Writers/director Robert Eggers is the brains behind A24’s The Witch. Set in New England during the 1600’s, The Witch tells a horrifying tale of family, religion and witchcraft. Eggers, who is as smart as he is funny, sat down to talk about horror films set in the past, what movies scared him as a child, and what makes good horror.
You talk about a lack of information in the 1600’s and it reminds me why horror films set in the past work well. Now, someone has a cell phone or is on Google trying to see if anyone else is being haunted. The isolation and lack of information, what’s real and what’s not, adds a sense of horror that doesn’t exist in modern horror films.
Robert Eggers: I agree. For me, it was essential to go back to the time where everyone believed in an evil. It wasn’t even a belief, it was a given like a tree is a tree or a rock is rock. That’s just how it is. It was fun to go back to the very beginning of the Great Migration. It was a brief period in North American history where it was almost like the Middle Ages in North America. The parents in this film would’ve grown up under the reign of Queen Elizabeth. It’s weird to think about that as American. These were English people who didn’t know how to do anything here and were totally vulnerable and totally screwed because they were extreme religious refugees who were obsessed with this ideal.
What movie scared you as a child?
RE: Part of this with stuff I know came from Margaret Hamilton. Today, it’s laughable. But at four years old when Dorothy is in the witches’ castle and she’s talking to Auntie Em, she sees Auntie Em in the crystal ball and the witches face appears. I was like [expletive] that! I watched Hammer horror movies and Universal stuff because stuff like Nightmare on Elm Street and Halloween scared me way too much. I would kind of look in Fangoria but I couldn’t handle it.
What do you think goes into making good horror?
RE: It all depends. I’ve had journalist come up to me and say, “This is not a horror film. This is psychological suspense thriller with supernatural elements”. That’s cool, whatever you want to call it. Edgar Allen Poe, is that not horror? If he’s not, that’s ok. I’m not trying to be disrespectful or split hairs, but who knows. What’s interesting to me and what I consider horror is actually trying to explore what’s dark in human nature instead of shinning a quick flashlight on it and running away giggling. That’s paramount to me. As far as filmmaking goes, it’s about having restraint. I can’t look into your soul and I can’t know what’s scary to you. I hope that by using what’s personal to me, I can create these images, hold back, and you get to fill in the rest yourself. That’s the idea.

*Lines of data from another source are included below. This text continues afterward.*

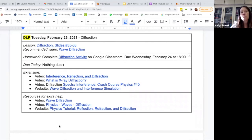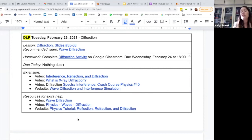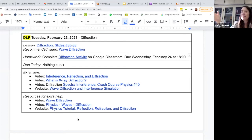I also have a section for extra help that really simplifies things — just a few videos or a website with some simulations they can jump into. So if they're willing to spend 10 extra minutes a day on physics, kids who need extra help have resources there, and the kids who are high flyers can look at extension material to see where this will lead later.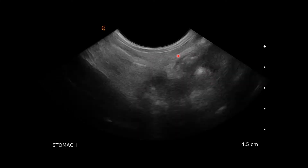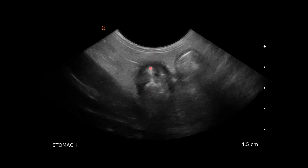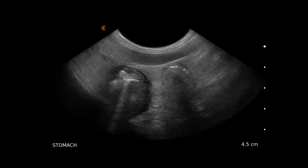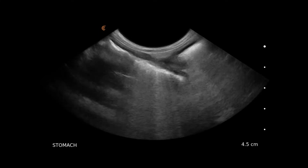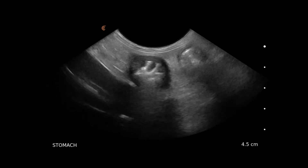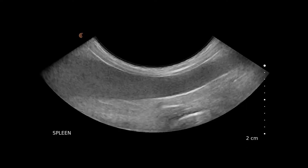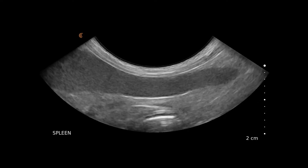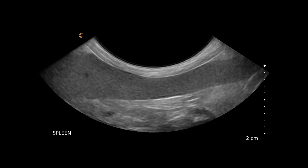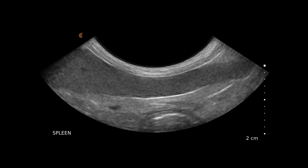Another view of the stomach showing some rugal folds, fanning down towards the pylorus. Here we have the spleen with some splenic vessels — a much more homogenous structure than the liver. Looking up towards the splenic head, moving down the splenic body — the spleen looks very normal.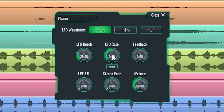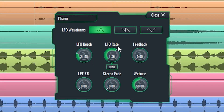LFO depth is the amount in which the modulation oscillator is affecting the signal. LFO rate sets the frequency of the modulation oscillator in Hertz, one Hertz being one cycle per second.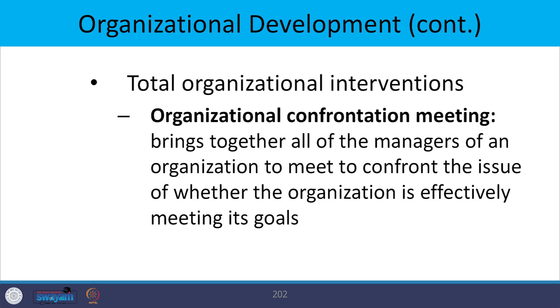The total organizational interventions include the organizational confrontation meeting. What is an organizational confrontation meeting? It brings together all the managers of an organization to confront the issue of whether the organization is effectively meeting its goals. People meet each other face to face, discuss differences on issues they are in conflict about, and effectively resolve differences on problems they have encountered while performing. This helps in effectively meeting the goals.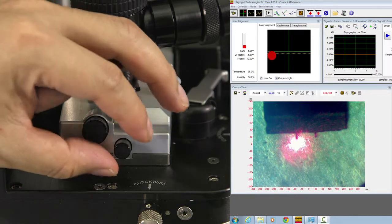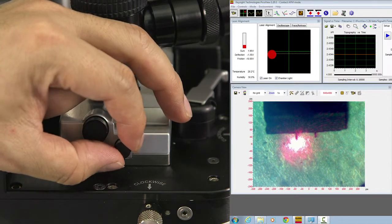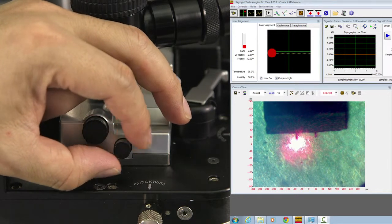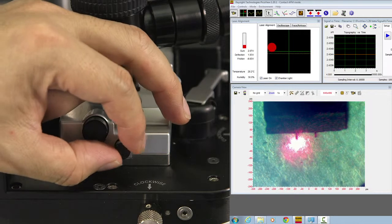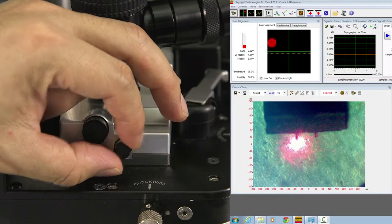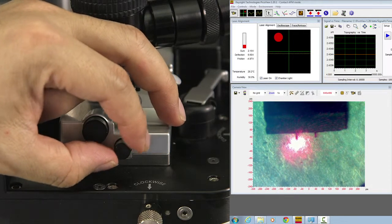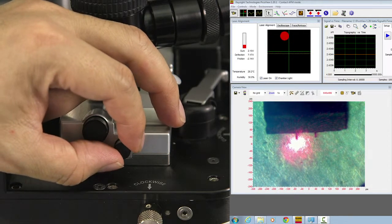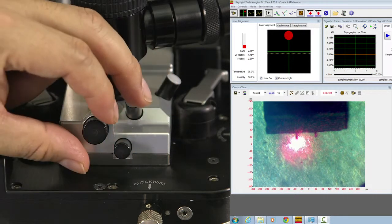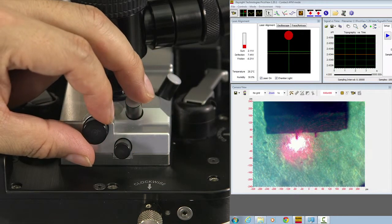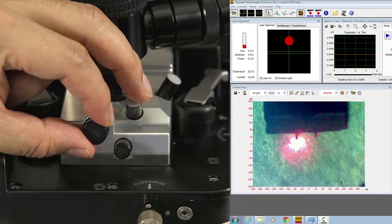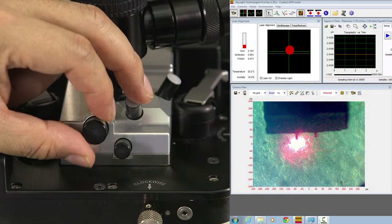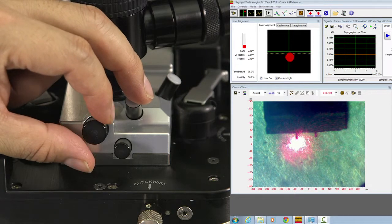Move back to the small knob. Adjust so the sum signal maximizes. When the sum signal is actually maximized, the laser spot will be in the center of the detector.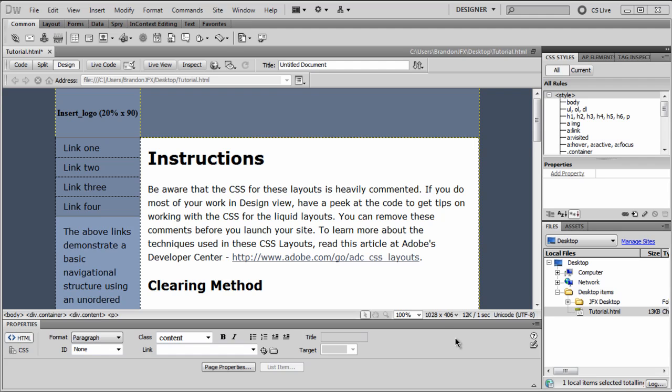Hey guys, Brandon here. Today I have a tutorial for you on how to create a simple and easy jump to top link inside of Adobe Dreamweaver.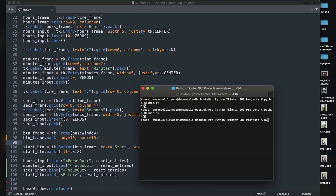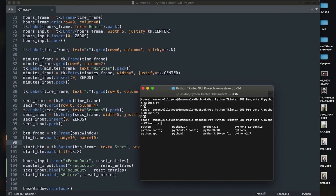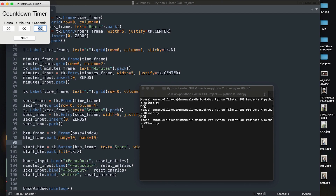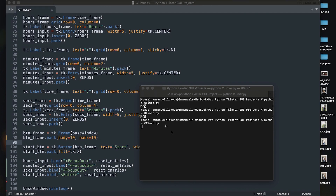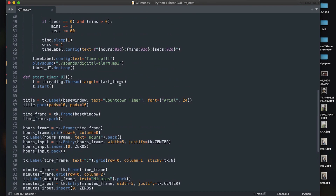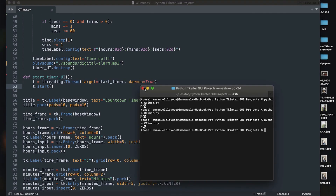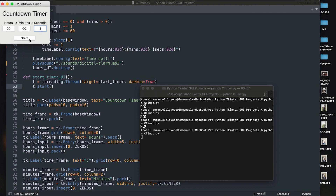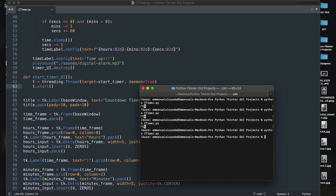However, if you close the main window, the timer thread keeps running in the background, which we don't want. To fix this, we add `daemon=True` when creating the thread. This means whenever we close the main program, the thread closes automatically. Now if we run it, give it three seconds, and close the program — the thread also closes. That works fine.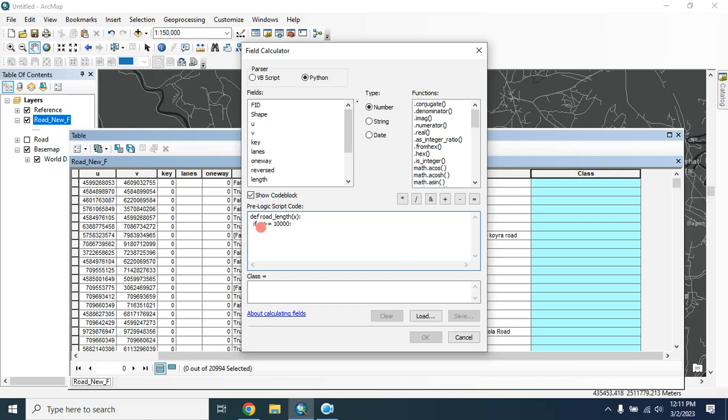Then colon, then press four spaces, then type return, and within the quotation as it is a text type 'A', then enter.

What’s interesting to me and what I consider horror is actually trying to explore what’s dark in human nature instead of shinning a quick flashlight on it and running away giggling
Horror is a shared experience. I don’t know what’s scares you, but I know what it’s like to be scared. There’s a good chance we’re all scared of the same thing. The unknown is scary…
RE: That’s part of the restraint. It’s keeping it in the shadows. When the monster is out of the shadows, it doesn’t have power anymore. I say this a lot, in those old Hammer horror movies, you can see Christopher Lee’s ankles because his cape was too short. I don’t want to see Dracula’s ankles. He doesn’t have any power. His cape needs to go on into the shadows for him to have power.
When you talk about the film’s deeply religious family, there are two sides to that coin. If I believe in God, the other side is something else. Your film explores that and I know that’s something people don’t like to talk about.
RE: Young said, and if it wasn’t Young, it was Anthony Hopkins in a bad horror movie, “Just because you don’t believe in the devil doesn’t mean you’re safe from him.”
Did you have a favorite scene?
My favorite scene is a scene that no one cares about. Near the end, William wakes up and it’s one shot. I’m proud of that shot and the performances. It’s great. If I saw a still from that scene of a dirty farmer waking up, I’d say “That’s a movie I want to watch.”